Today, it was the now familiar sound that I recognize as trouble in process. Boof. Boof skip boof skip boof with a noise of a large tin can tumbling. Maybe the boofs are the brakes, which is why the missed beat occurs between compressions. There was a black car flipped on its back in the middle lane just after the fork, and concerned people were spilling out of their own vehicles to assist. The car must have lost control a few feet before, for the rate of speed would have caused it to slide forward on its roof for several yards. Not a witness, I only heard that odd, dull resonance which now causes my heart to pause.
Within five minutes, an off-duty somebody had arrived, after ten, the fire trucks had managed to weave through the jammed lanes of rush-hour traffic. What always surprises me is how things slow down after the firemen clock in. No one runs frantically, at least in the accidents I've seen, but the emergency crews walk deliberately, almost as if they are dreaming. Everyone knows their place, the injured are taken care of, hands are on shoulders. Eyes are looking into each other, which is one of the most connective elements any living being can do.
The driver was taken by stretcher into an ambulance, and was then driven away without the alert of a siren. I watched as two men lassoed the car with the winch of a flatbed truck, and turned it so that it was almost facing the ramp leading to the bed. A few adjustments, and the winch was able to tilt the car up and then one of the crew simply bulled the car all the way over to the way a car usually sits. The fire crew had brooms out and swept up the debris and glass, dumping shards into the newly opened hole in the roof.

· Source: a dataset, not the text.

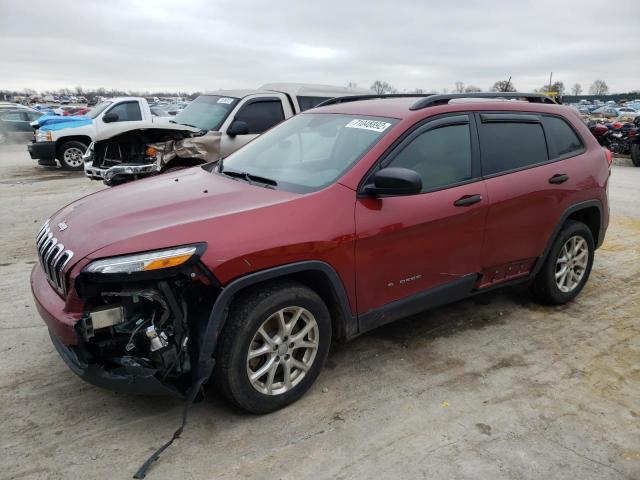 Salvage cars for sale from Copart Sikeston, MO: 2017 Jeep Cherokee Sport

Poor little car, poor fellow trying to get somewhere. No one else was involved, so I wonder if it was a blown tire. Everything was finished in less than an hour, then the full rumble of traffic began again at about 6:20 p.m. I was making soup for supper, and had found that the planned broccoli had yellowed (toss), switched recipes, and found that I had no canned corn; scrounged again for vegetables to kidnap and it is delicious. Potatoes, onions, a few tomatoes, old frozen parsley, and a small bag of raw shrimp. Bacon bits. Go me.
I will see my son tomorrow, he's in town for a friend's graduation. Tomorrow will be an early rise, for obviously, grocery shopping is needed and I might go see if the sour cherries are in at the farmer's market. The plecostomus is enjoying the cantaloupe I skewered with a stainless steel spoon and plunged into his realm. He likes me. This is the sort of routine that gets tossed by circumstances when disruption hits. Appreciate it, recognize the comfort of it.
My head will be lucky enough to hit the pillow this night, so far. Cats are fed, soup is done, plants are watered. My little orange tree that has grown from an orange pip is a flourishing foot high. The plecostomus was measured today and is four inches longer than a year ago; he is now seventeen inches and if he gets any larger, I may put tires on him and drive around town.
Sleep with the hum of breath, the crinkle of sheets, the hush of a light blanket. I have companions who purr and exhale soft, wheezy sighs of slumbering delight, who come and go on silent feet throughout midnight hours. You will awake tomorrow to lovely things amid the mundane, but sleep now, sleep deeply, safely. Dreamville is waiting.